5 Mart’ta Ankara, İzmir, Eskişehir, Manisa, Ordu, Marmaris, Tokat, Kayseri Kadın Meclisleri de eylemleriyle kent meydanlarında yerlerini aldılar. Bazı iller ilk kez eylem yapmanın heyecanını yaşadı. Bazılarıysa önceki yılların deneyimlerini bu yıl ki kutlamalara taşıdı.

Platformun ve Meclislerin başı çektiği örgütlü ve eylemli bu çizgi kendini demokrat olarak takdim eden basın kuruluşları tarafından yıllardır sansüre uğruyor.

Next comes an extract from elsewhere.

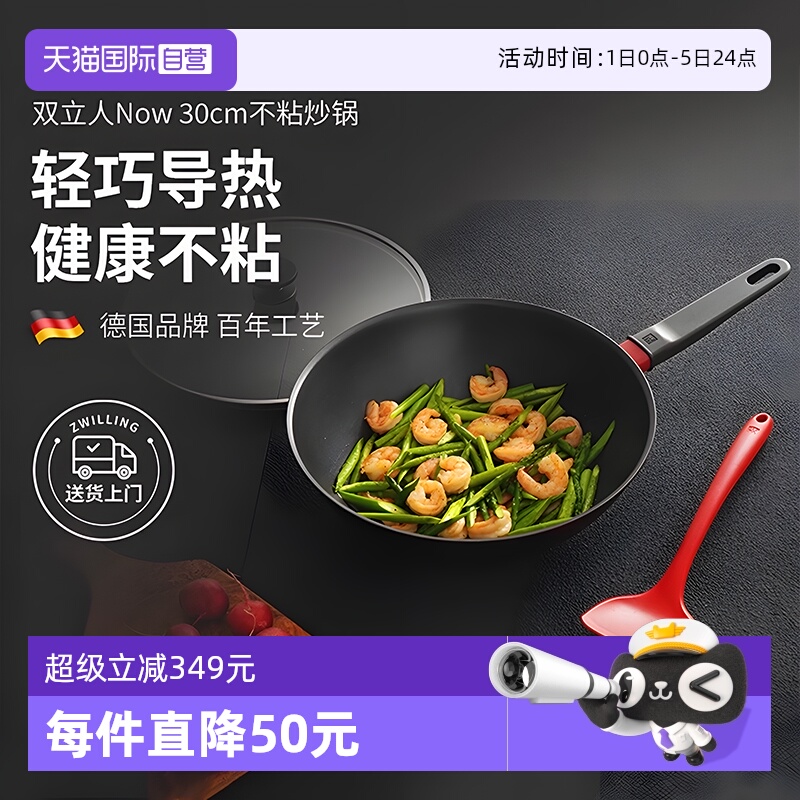 双立人now30不粘炒锅大容量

Kendine demokrat basının sansürcülüğüne pek şaşırmıyoruz artık. Hiç bir konuda gösteremedikleri kararlılığı, sansür konusunda başarıyla gösterebildiler. Hemen hemen her alanda hiç sızdırmadan sansürlerini yaşamaya devam ediyoruz. Pek aldırış ettiğimiz söylenemez. Onların bu tutumunun bize tersten olumlu katkılar yaptığını bile söyleyebiliriz. Sayelerinde yazılı ve görsel yayıncılıkta imkanlarımızı oldukça ilerlettik. Varolsun sansürcü demokratlar.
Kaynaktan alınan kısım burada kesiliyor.